Confira o antes e depois da Feira na Praça da Alfândega:

Preço subiu, desconto caiu

Se a população brasileira lia menos na década de 1950, não era por conta do preço dos livros. Segundo o volume A Feira do Livro de Porto Alegre (1994), de Paulo Bentancur, era possível comprar, em 1955, até 57 títulos com um salário mínimo. Hoje, o mínimo daria para pouco mais de 20 livros de preço médio. Mesmo que os volumes fossem mais acessíveis à época, uma das principais medidas dos realizadores foi estipular 20% de desconto como padrão, valor que se manteve como obrigatoriedade até 1999 - hoje, o mínimo exigido é de 10%.

O maior obstáculo para angariar leitores nos anos 1950 era o analfabetismo. O Brasil contava com 52 milhões de habitantes, entre eles 19 milhões que não sabiam ler nem escrever. No Rio Grande do Sul, registrava-se um dos menores percentuais do país: 34,7% da população privada da leitura e escrita. Hoje, esse índice caiu para 4,5%.
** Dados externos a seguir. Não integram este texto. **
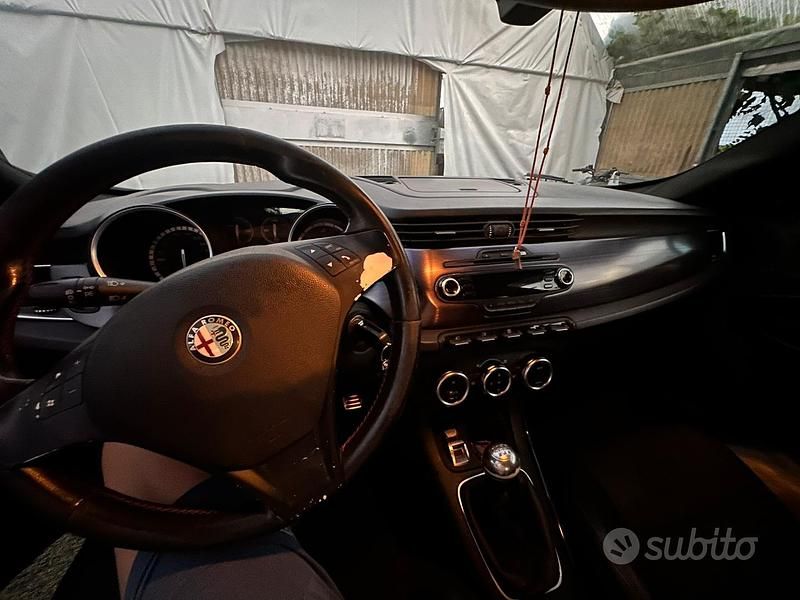 Usata Alfa Romeo Giulietta 120 CV (88 kW) 2010 Utilitaria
Quando o Centro era glamouroso

A Porto Alegre da primeira Feira do Livro contava cerca de 400 mil habitantes, menos de um terço da população atual. No Centro, coração do comércio e da vida social, o endereço mais nobre era a Rua dos Andradas, pela qual mulheres de tailleur e homens de terno e chapéu desfilavam aos fins de tarde diante das vitrines de lojas, cinemas, bares e cafés.
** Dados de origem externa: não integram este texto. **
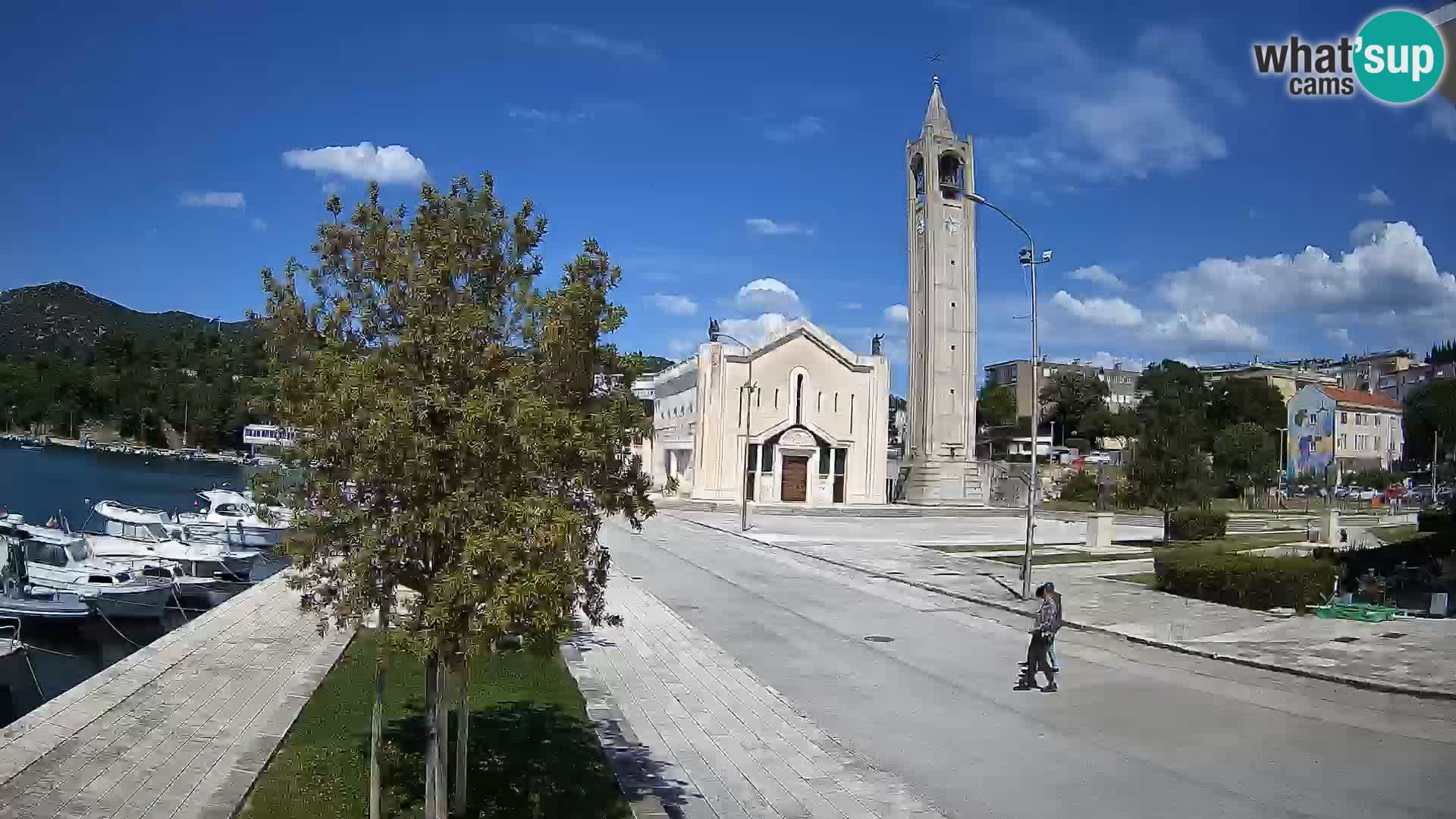 Ploče Webcam | Captivating Views of Riva and the Cathedral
Ponto de encontro e antessala das quadras mais disputadas da Andradas, a Praça da Alfândega foi escolhida como o endereço para a Feira. Tanto a Andradas quanto a Sete de Setembro ainda recebiam tráfego de veículos, mas os livreiros nem pensavam em estender suas bancas por essas ruas: os 14 estandes cabiam em torno do monumento do General Osório. Só em 1979 as praças do outro lado da Sete de Setembro foram anexadas à Alfândega, e o leito da rua, transformado em calçadão. A Praça também sofreu modificações e restauro entre 2009 e 2012.

Na estreia, nada de bar

Apesar de tradicional, o bar da Feira só foi instalado em 1984, para marcar a 30ª edição do evento, gerando controvérsias. O editor Maurício Rosenblatt, que participou da organização da primeira edição, era contra. Para ele e outros intelectuais, o bar poderia mudar o perfil da Feira e do próprio público.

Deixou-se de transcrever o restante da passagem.